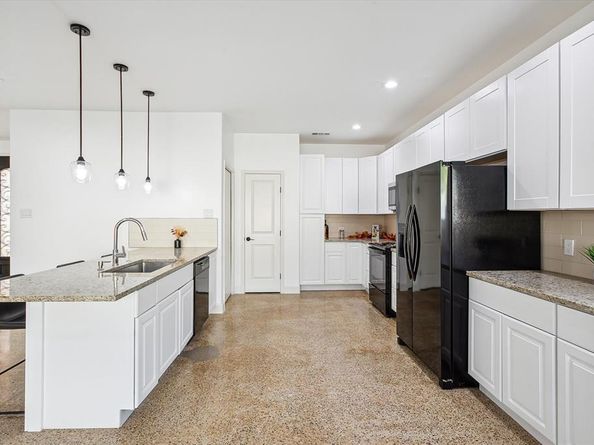116 S Tatum Avenue , Dallas Texas 75211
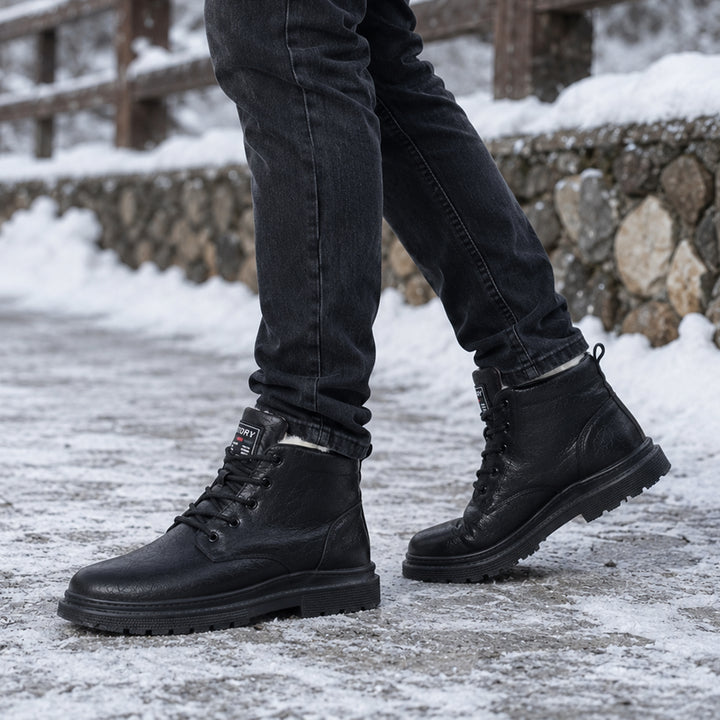 The Silverfield Men’s Classic Lace Up Leather Ankle Snow Boots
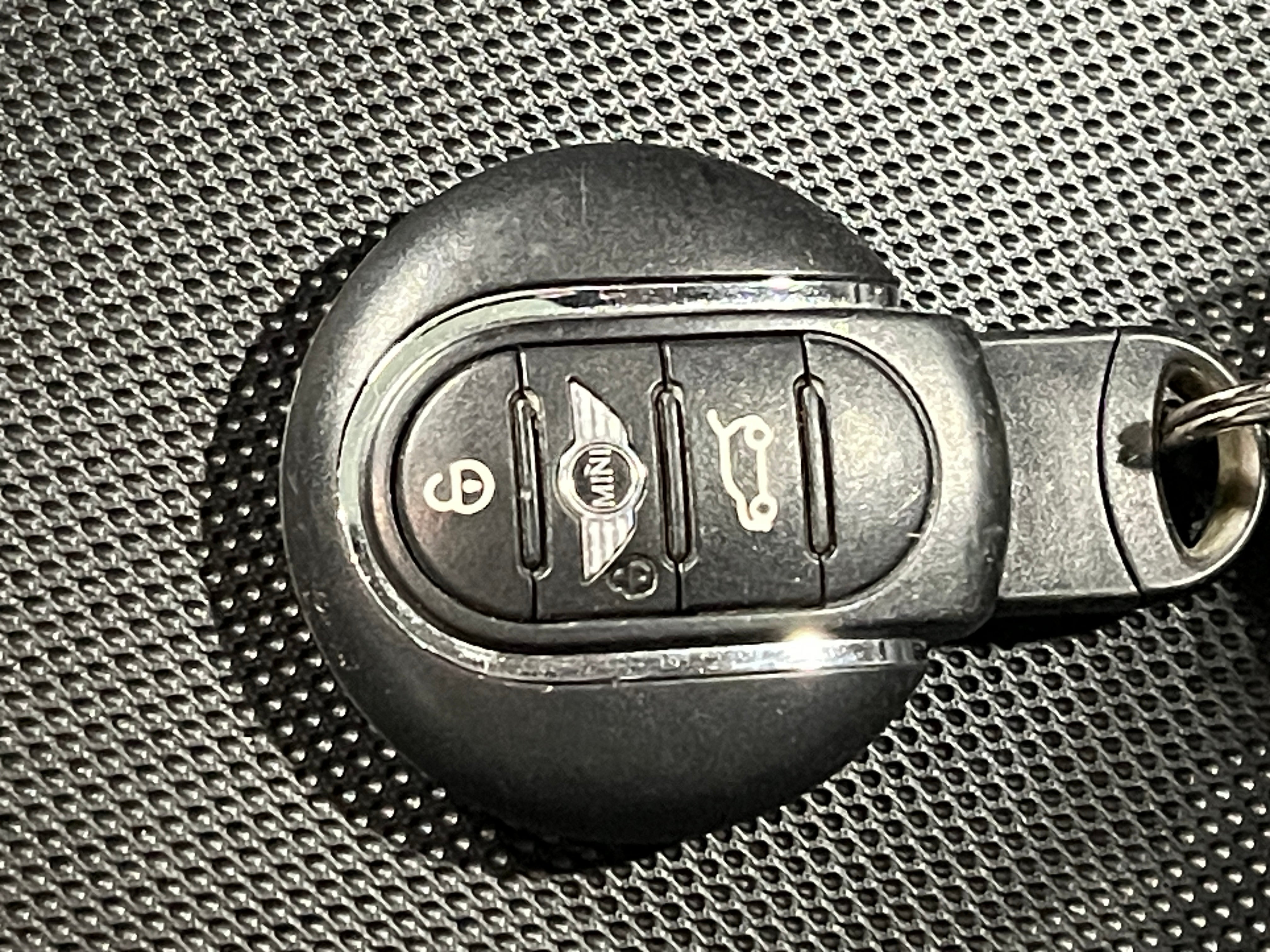 Used 2015 MINI Cooper Base with VIN WMWXS5C57F2C63404 for sale in Auburn, WA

[TASK ITEM]: Once the pictures are removed, print all the remaining data exactly as it stands.

[PROBLEM SOLUTION]:
116 S Tatum Avenue , Dallas Texas 75211
 The Silverfield Men’s Classic Lace Up Leather Ankle Snow Boots
 Used 2015 MINI Cooper Base with VIN WMWXS5C57F2C63404 for sale in Auburn, WA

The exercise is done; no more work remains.